-- Source records follows --

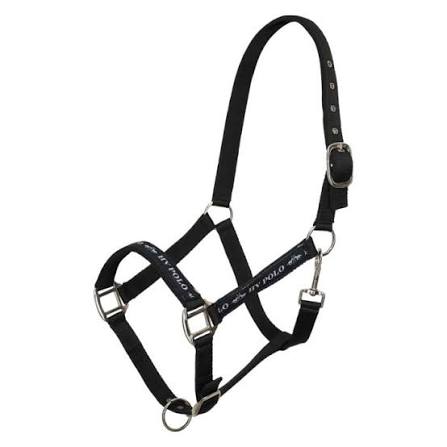 HV Polo Halster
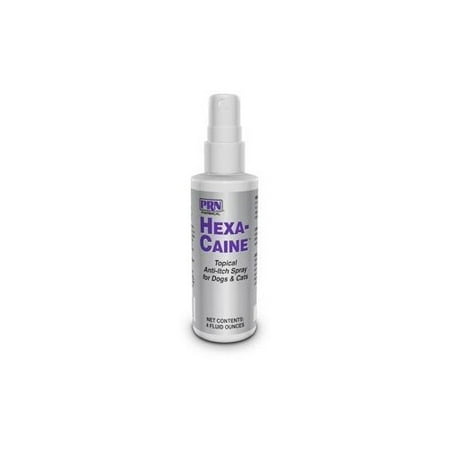 anti itch shoo for dogs hexa caine topical anti itch spray for dogs and cats walmart anti itch shoo for dogs hexa caine topical anti itch spray for dogs and cats walmart
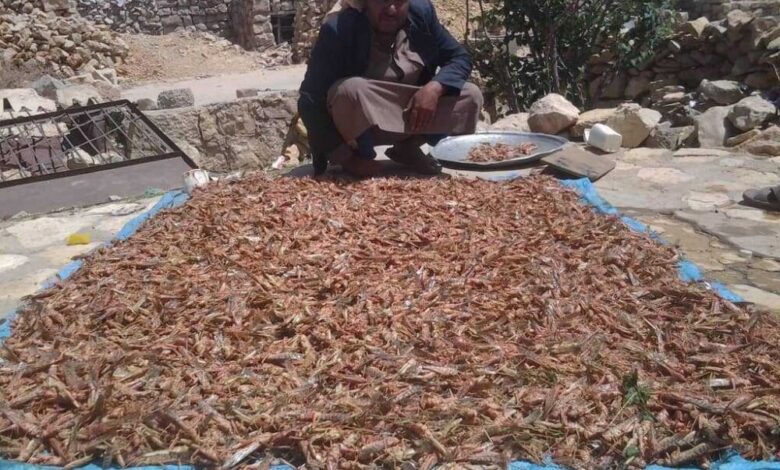 اسراب الجراد تغزو مزارع القات والحبوب والفواكة شمالي اليمن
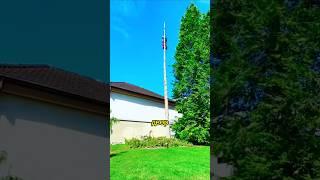 Ландшафтный дизайн на участке #shortvideo #shorts #design #дача #дизайн #участок #ланшафтныйдизайн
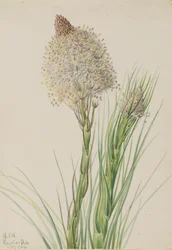 Trawa niedźwiedzia, Xerophyllum tenax, 1924.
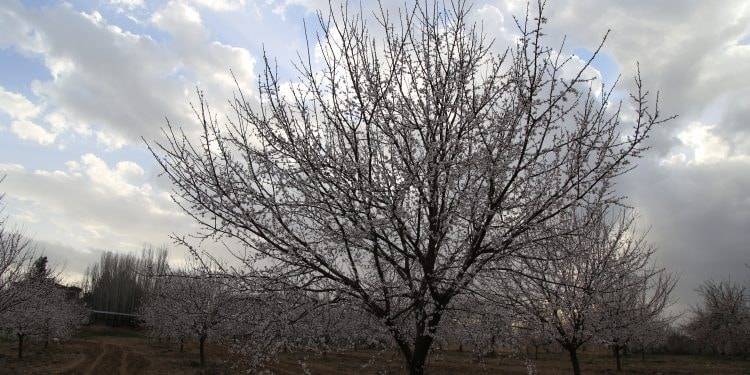 Yeşilyurt Gedik Köyü Resimleri 3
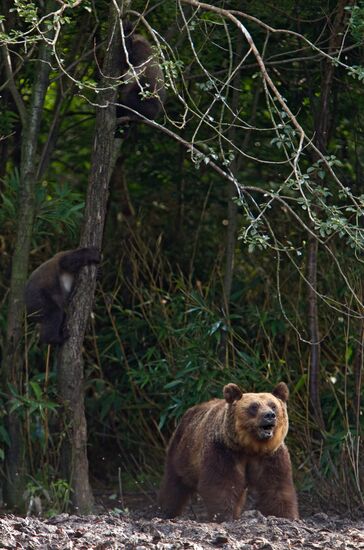 Регионы России. Курильские острова. Остров Итуруп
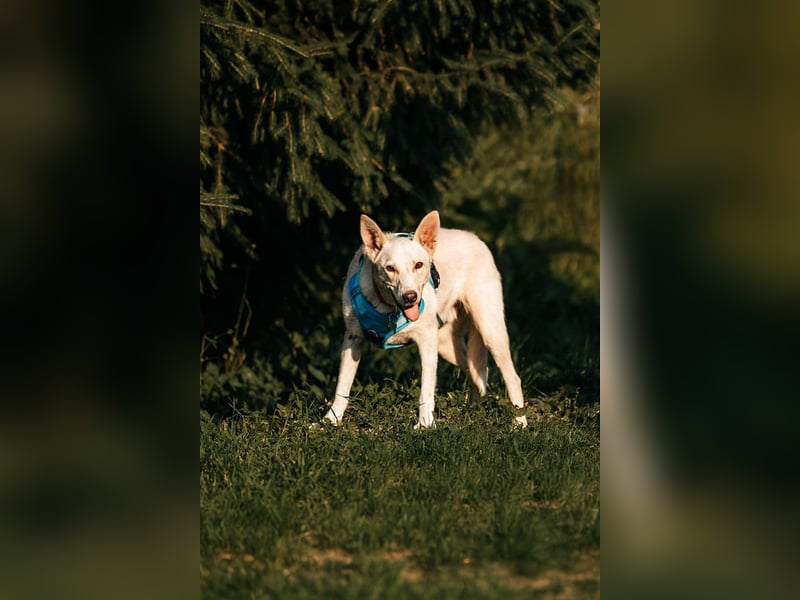 Vorsichtiger Whitey sucht seine Familie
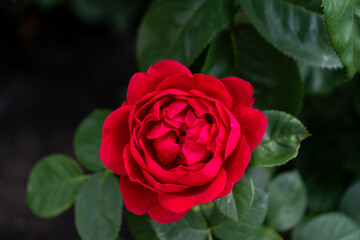 Red roses. Bush in the garden. Rosebud. Summer flower petals. Rose bud in nature. Branch and leaves. Botanical plant.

-- Source records concluded --

Exercise objective:
Every line from the one with "Trawa niedźwiedzia, Xerophyllum tenax, 1924." to the end of the records above should be restated word for word, and no picture belongs in the copy.

Response to the exercise:
 Trawa niedźwiedzia, Xerophyllum tenax, 1924.
 Yeşilyurt Gedik Köyü Resimleri 3
 Регионы России. Курильские острова. Остров Итуруп
 Vorsichtiger Whitey sucht seine Familie
 Red roses. Bush in the garden. Rosebud. Summer flower petals. Rose bud in nature. Branch and leaves. Botanical plant.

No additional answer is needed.